- _TASK DIRECTIONS_
All the lines below need retyping exactly, apart from the images.

-------- DATASET EXTRACT --------

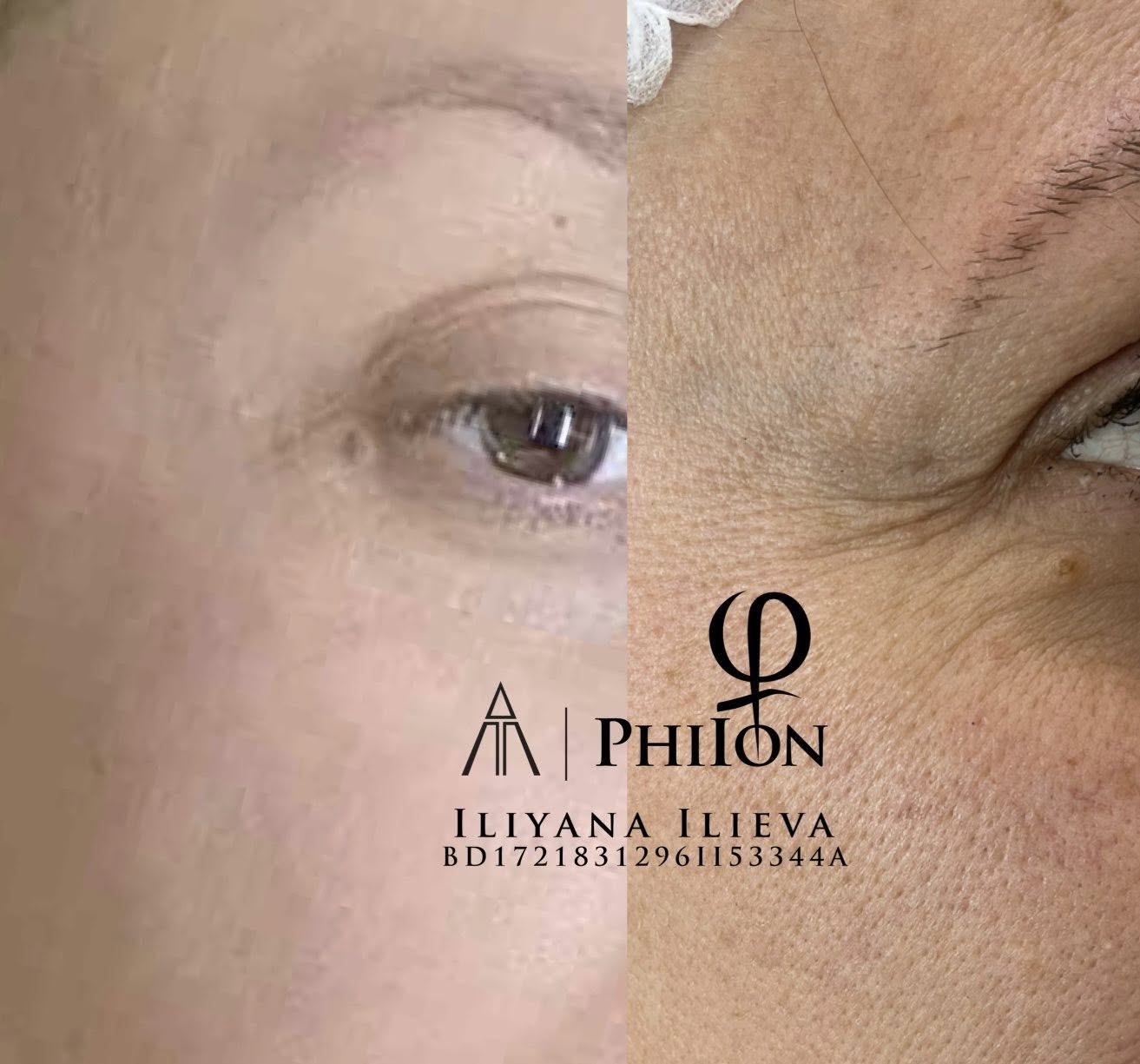 Плазма пен — изглаждане на фини линии около очите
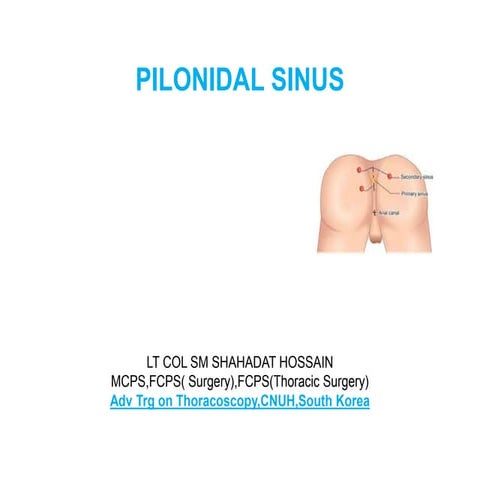 Histopathology of Pilonidal Sinus | PPTX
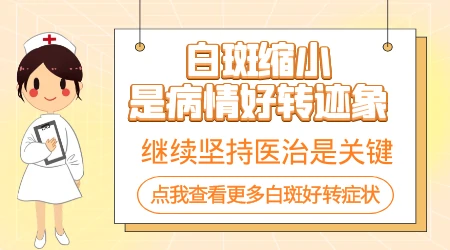 白癜风治好的希望有多大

--------

- _REPLY TO THE TASK_
 Плазма пен — изглаждане на фини линии около очите
 Histopathology of Pilonidal Sinus | PPTX
 白癜风治好的希望有多大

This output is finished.